Fink’s statement on Monday also alluded to numerous instances where speakers came to address concerns about violence and safety. She gave examples from the Nov. 11, 2021, board meeting, when a parent and teacher union representative came forward with such concerns.
Fink’s statement notes that, at that meeting, Chambers said she was “deeply uncomfortable with the community discussion around violence.” Fink sees this kind of rhetoric as a dangerous way of shutting-down critical conversations.
On the occasions when they have publicly broached the topic, Chambers and Edsall have both looked to forestall discussions about school violence, sometimes saying discussions of school violence represent “dog-whistling” – that is, racist discourse.

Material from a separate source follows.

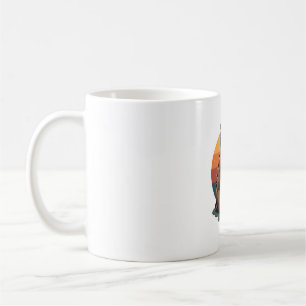Vintage Faultier-Herz Süße Retro-Tier-Illustration Kaffeetasse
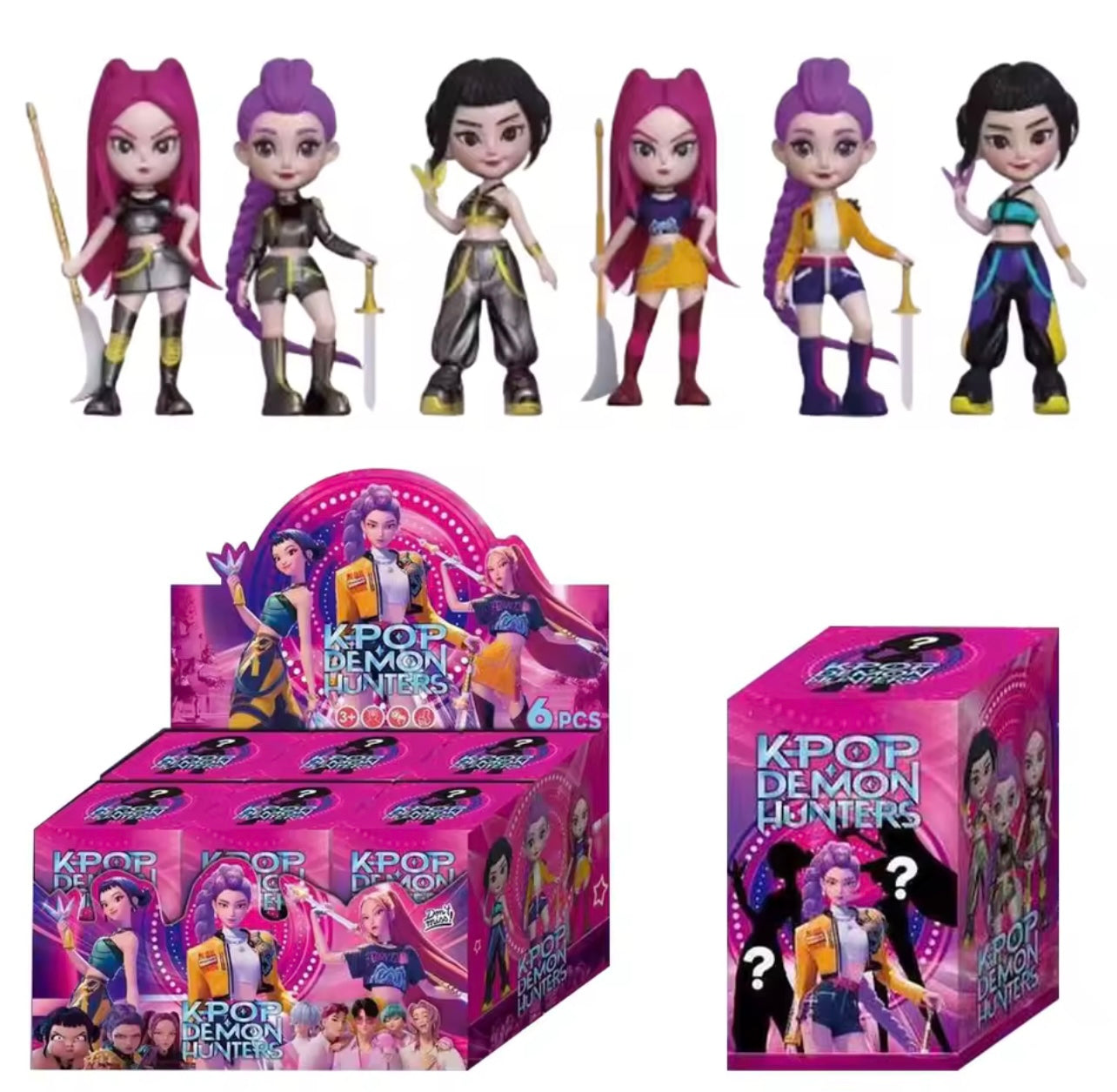 Surprise Figures- K-Pop Demon Hunters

For the school board election last November, ELi surveyed community members on what questions they wanted ELi to ask candidates. A clear pattern emerged around issues of safety and violence. ELi consequently crafted and put this question to candidates:
“People in the East Lansing schools’ community are concerned about the safety of students, teachers and staff in our schools. They are also concerned about incidences of violence, fighting and bullying. What safety measures do you believe are needed to create safer learning environments in ELPS?”
In her response, Chambers wrote: “Let me take the rest of my space here to push back against the ‘dog whistle’ political use of the racially coded word ‘violence’ in this question. There is so much I love about this community, which is why I have invested so much in supporting our amazing team of students, teachers, and administrators. However, we can do better than this question and the political messaging it represents.”
Edsall sent a text to me, as Publisher of ELi, writing that the question, “plays to the white people who want cops back in our schools to keep the Black kids under control.” I responded that she could say that in her statement. She chose to provide no answers to ELi’s questions to candidates.
At last Friday’s listening session and Monday’s special board meeting, some shared the concern that conversations about violence and safety could have racist undertones. But at both sessions, several Black members of the community – students and adults – made clear they want the matters addressed openly and promptly and they’re tired of what they see as delays and obfuscations.
The statement from the 10 ex-trustees calls on the board to create a new advisory committee on school safety.
The group envisions the committee as being similar to the Advisory Committee on Sex Education and the Advisory Committee on Mental Health.
The board has not yet taken action on creation of such a committee. If it creates one, the board will have to decide who will get to choose the members of the committee and its charge.
Regardless of what the board decides about who holds that power, such a committee would be subject to Michigan’s Open Meetings Act.
Editor’s note: This updated version of the story corrects the reason Nichole Martin left the school board: Trustee Martin was not re-elected to the board.